What worries the couple is the health of their children.

“Though I warned both of my children not to play in this weather, it’s hard to monitor them as we are at work. I give them Rs 20 every alternate day and ask them to have buttermilk or lemon soda for now,” says Sujatha. For themselves, though, there are no such luxuries to help survive the long and difficult day.  

While their children use the money to drink something cold, the couple do not prefer to waste money in drinking anything cold.

 “The workers are given one hours resting time between 12pm-1pm,” says the contractor.

As Telangana’s temperatures soar, the heat has already claimed at least one life each from Karimnagar, Khammam, Komuram Bheem, Mahbubnagar, Mancherial, Suryapet and Warangal districts.

Reports say that the state governments of both Telugu states have appealed the citizens to stay indoors and take precautionary measures. The governments have also asked the agricultural and construction workers to work only early mornings.

But somehow these instructions do not seem to have percolated down to the level of civic workers like Yellamma and Rajam, who spend many hours sweeping public streets in the scorching heat.

Yellamma wakes up as early as 4.30am, so that she can get ready by 5am and walk to BS Makhta from her house near Begumpet Police Station. Her shift runs from 6am to 2pm.

A thin scarf around her face the only protection she has from the sun, Yellamma sweeps with the broom provided by the GHMC continuously until 11am, when she stops for a quick lunch. After a break for an hour, she again gets back to sweeping for a further two hours. She sweeps with the broom provided to them by GHMC, covering her face with a thin scarf till 11am continuously to eat her lunch.

By 1pm, the lanes they work in are completely empty as the day gets hotter – the only audible sound is the swish of Yellamma and Rajam’s brooms sweeping up dust and garbage.

Yellamma, who is unsure about her age but seems around 50 years old, tires soon. But, she says, there’s no chance for rest.

“We clean the whole BS Makhta area. If I take rest for sometime, she (Rajam) will have to do my portion as well,” she says, as she continues sweeping.

She also sees no use in complaining about the heat when she has no way to avoid it. “I have been working for past 13 years. I have seen summer, winter, monsoon everything. Now what is the point in complaining about the heat?” she asks.

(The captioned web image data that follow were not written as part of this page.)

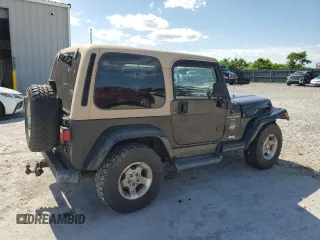 2001 Jeep Wrangler Sahara with VIN 1J4FA59S71P343366, listed as a Copart auction lot 57826405 with 156,436 mi miles and Salvage title. Bid and sale history available at DreamBid. Image 3.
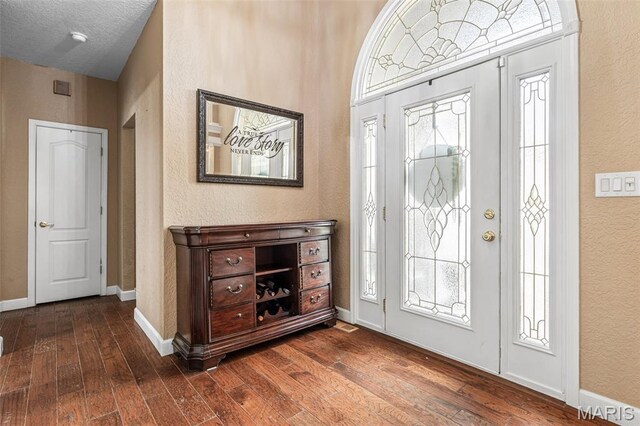 113 Riverwalk Dr, Desloge, MO 63628 - foyer with dark wood-style floors, a textured wall, and baseboards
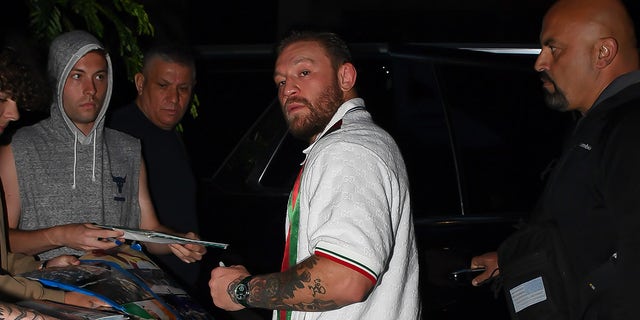 Conor McGregor signs autographs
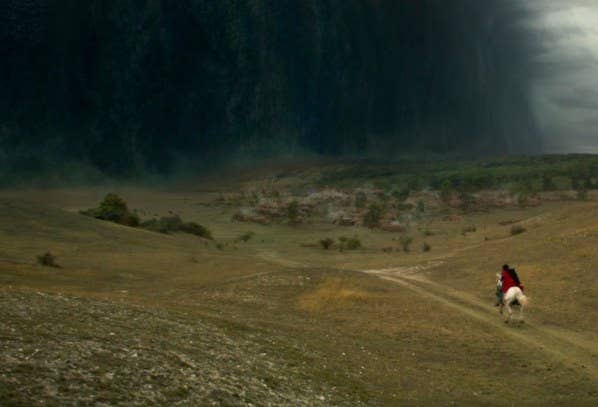 Someone on horseback rides through a green countryside; a dark shadowy wall of clouds called the Fold is ahead of them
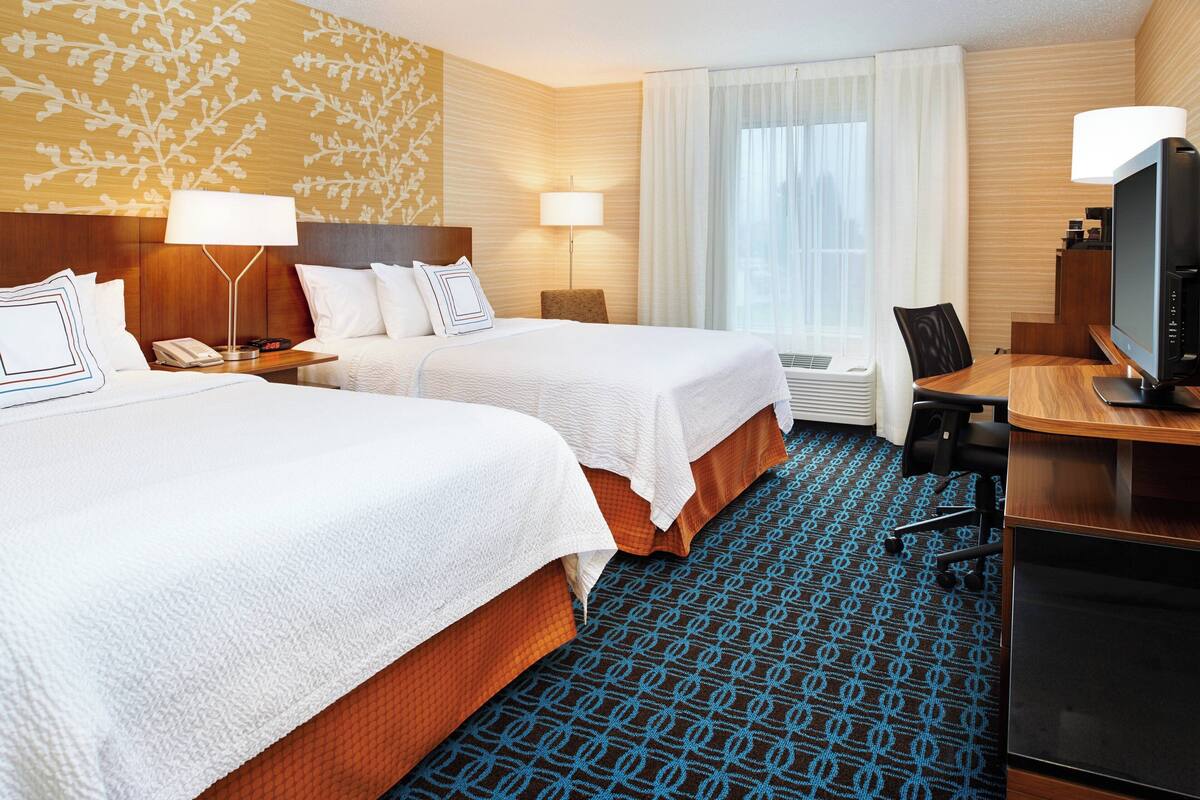 A hotel room with two beds, a desk, a TV, and a large window with curtains.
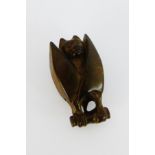 A carved wooden Netsuke in the form of a bat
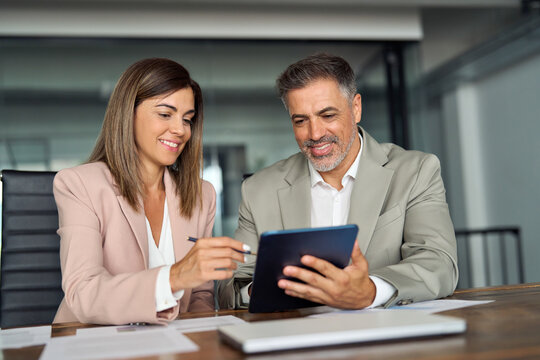 Two professional middle aged executives business team people talking working in corporate office at meeting having conversation looking at digital tablet company device discussing sales project.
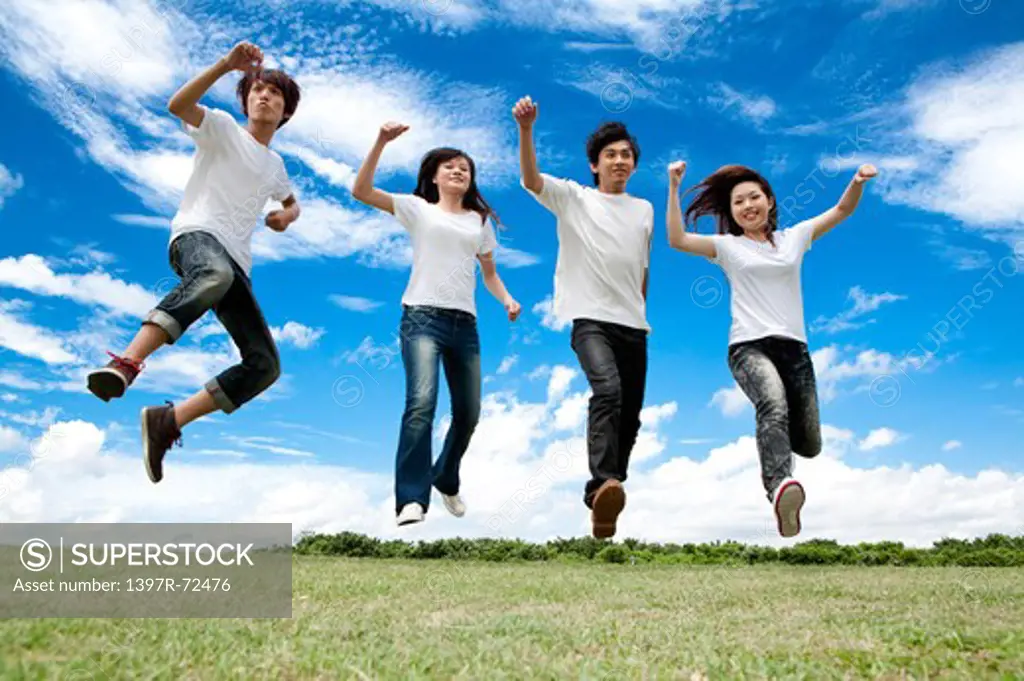 Young adults jumping in mid-air with smile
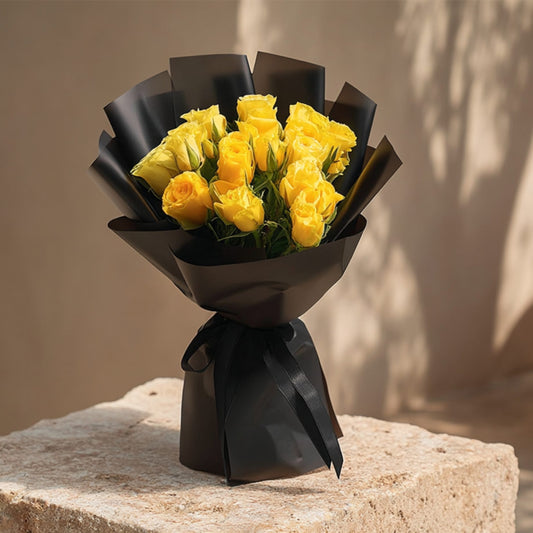 Hand-tied bouquet of 15 yellow roses in elegant black wrapping by Aiwa Flowers Dubai
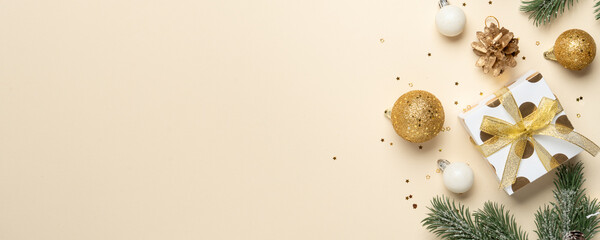 Christmas holidays decorations, gift box, balls and fir tree branches.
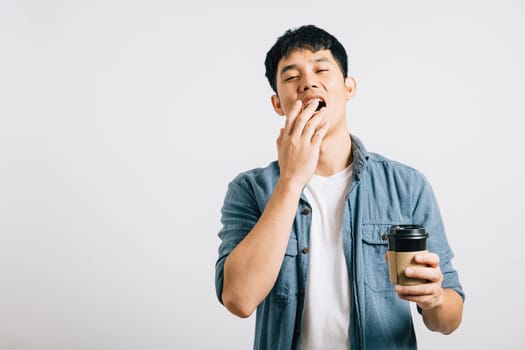 A young man, overwhelmed by fatigue, yawns with his eyes closed, coffee cup in hand. Studio shot isolated on white, his tired expression tells a relatable story. Copyspace included.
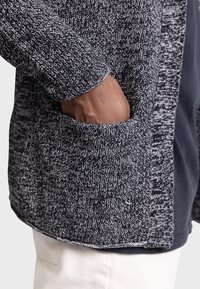 Cardigan texturé noir et blanc avec un motif tricoté, présentant une poche avant et des poignets côtelés. Le tissu semble doux et chaud.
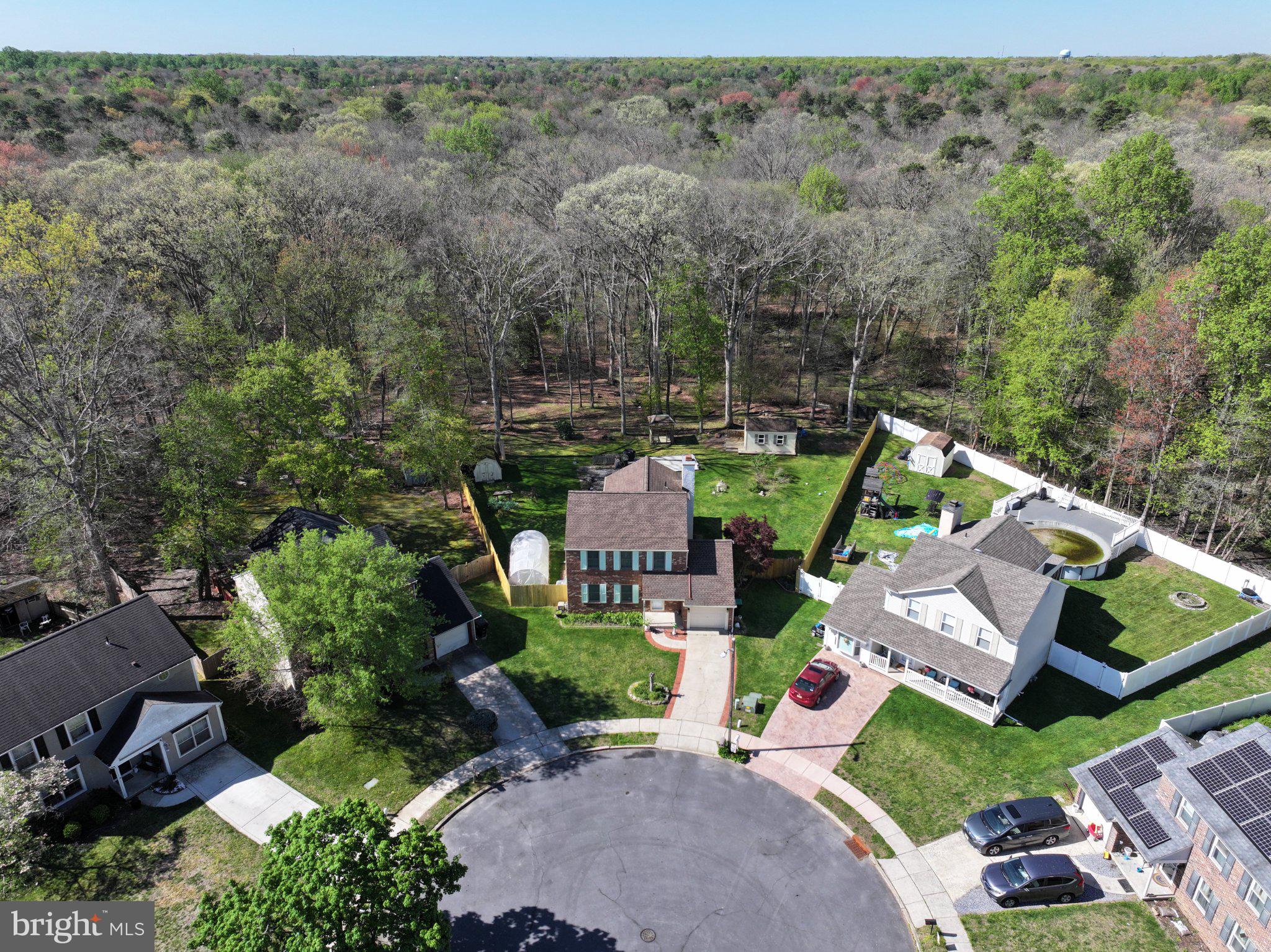 18 Cobblestone Court Sicklerville, NJ 08081 - Photo 55 of 56 an aerial view of a house with lots of trees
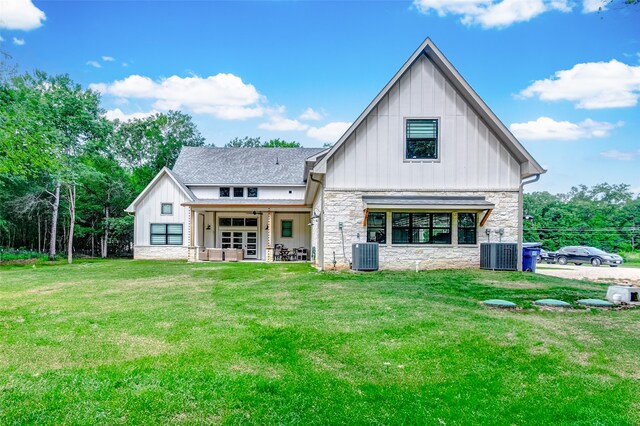 rear view of house with central AC and a lawn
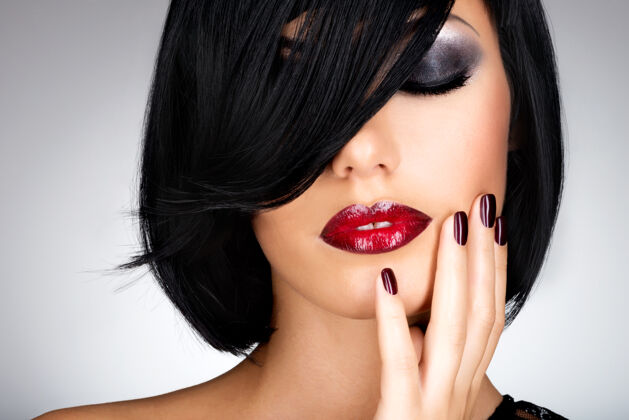 漂亮一张长着漂亮黑指甲和性感红唇的女人的脸一头黑发的时尚模特口红手指直发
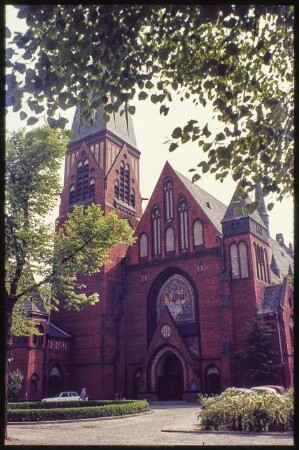 Vorderansicht der Auenkirche mit Pfarrhaus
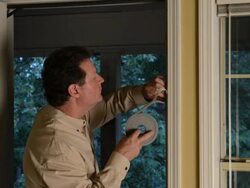 Installing Weather Stripping for Energy Efficiency Stock Footage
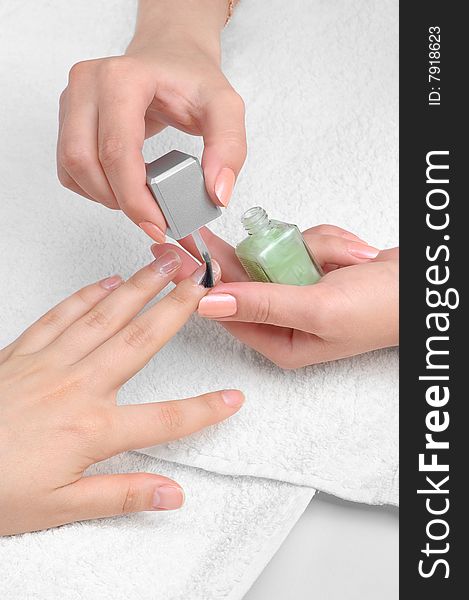 Applying manicure: moisturizing the nails and skin around nails. Applying manicure: moisturizing the nails and skin around nails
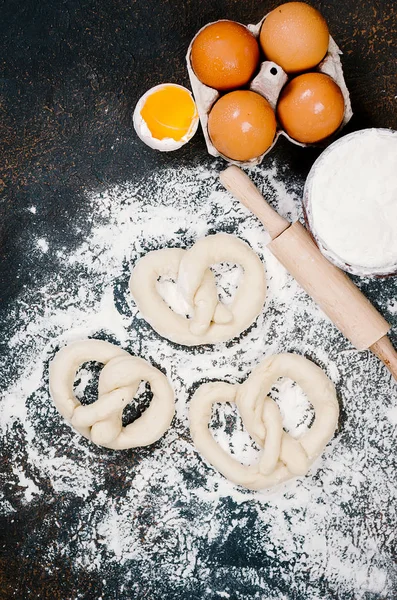 Raw pretzel on a floor ready to be baked and ingredients — Stock Photo, Image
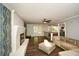Spacious living room featuring wood floors, fireplace, and lots of natural light at 2840 Wendy Ln, Marietta, GA 30062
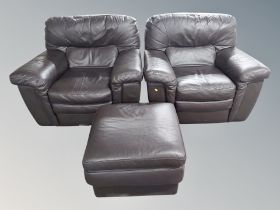 A pair of contemporary brown leather oversized armchairs and matching footstool
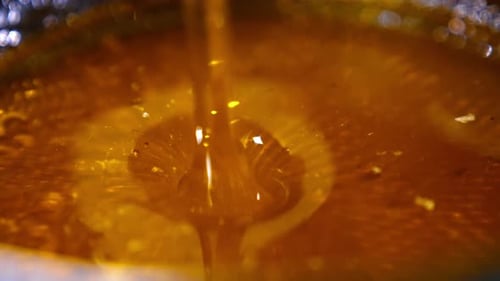 Flow of yellow fresh honey falling into the bowl.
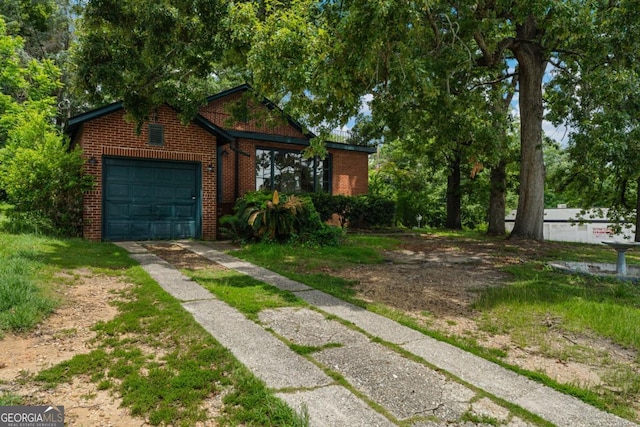 3105 Woodlawn Ave, Columbus, GA 31904 - view of front of property with concrete driveway, brick siding, and an attached garage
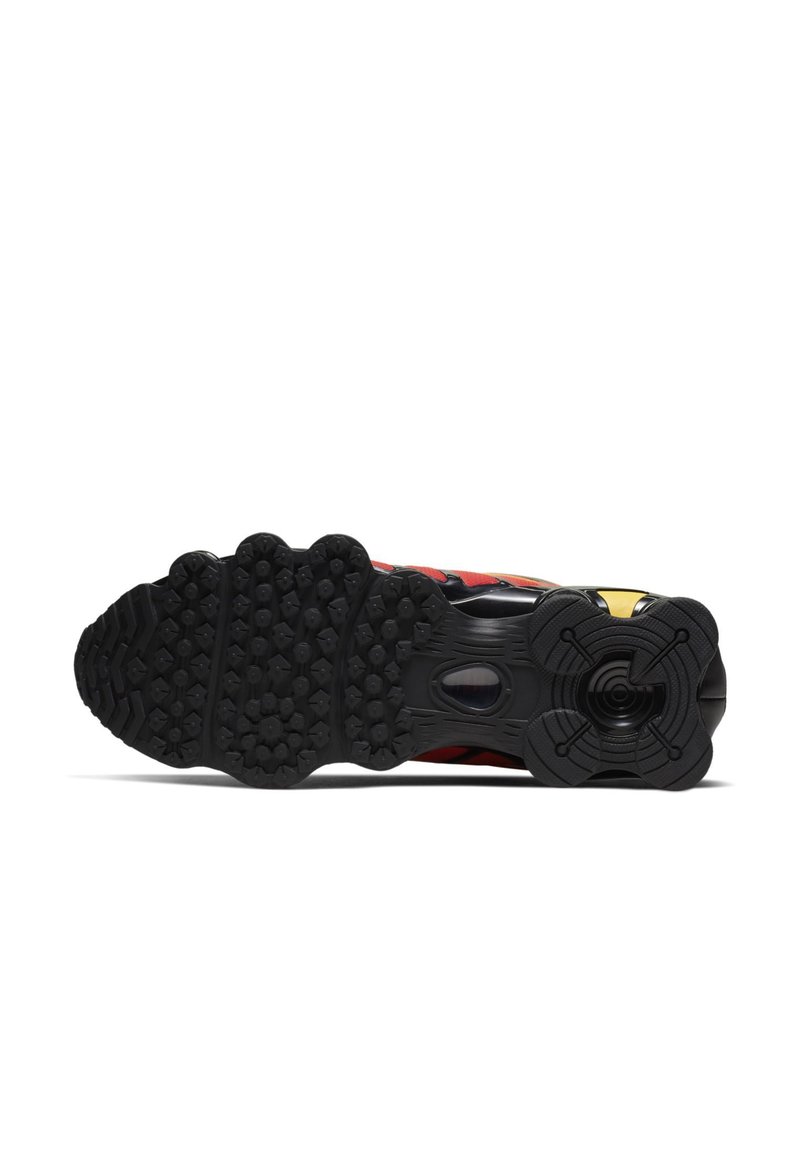 Semelle de chaussure de sport noire avec un motif texturé. Présente des accents multicolores et une section ronde distinctive au talon.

While the heat makes her sick sometimes, Yellamma still drags herself to work as, she says, she cannot afford to lose even one day’s wages.

With a college-going son, says Yellamma, it’s hard to manage life even with a salary of Rs 12000 a month, along with the money her husband earns from driving an autorickshaw all day.

“My daughter got married a few months ago, but my son is still studying in a college. His expenses will naturally increase. So I have no choice but to work,” she says.

The only problem for her is water.

She doesn’t carry water bottle as it gets too warm to drink because of the heat.

“We clean dirty public places here, but people consider us dirty. Even if we ask for water, they simply say no or ask for a container because they do not want us to use their utensils. I feel bad, but I still ask for water at different houses when I am too thirsty,” she alleges.

From the government, says Yellamma, she has received nothing except a broom and an orange uniform. “We have to make peace with the heat, no one will come even if we fall sick while working,” she says resignedly as she walks on to the next lane of her cleaning route.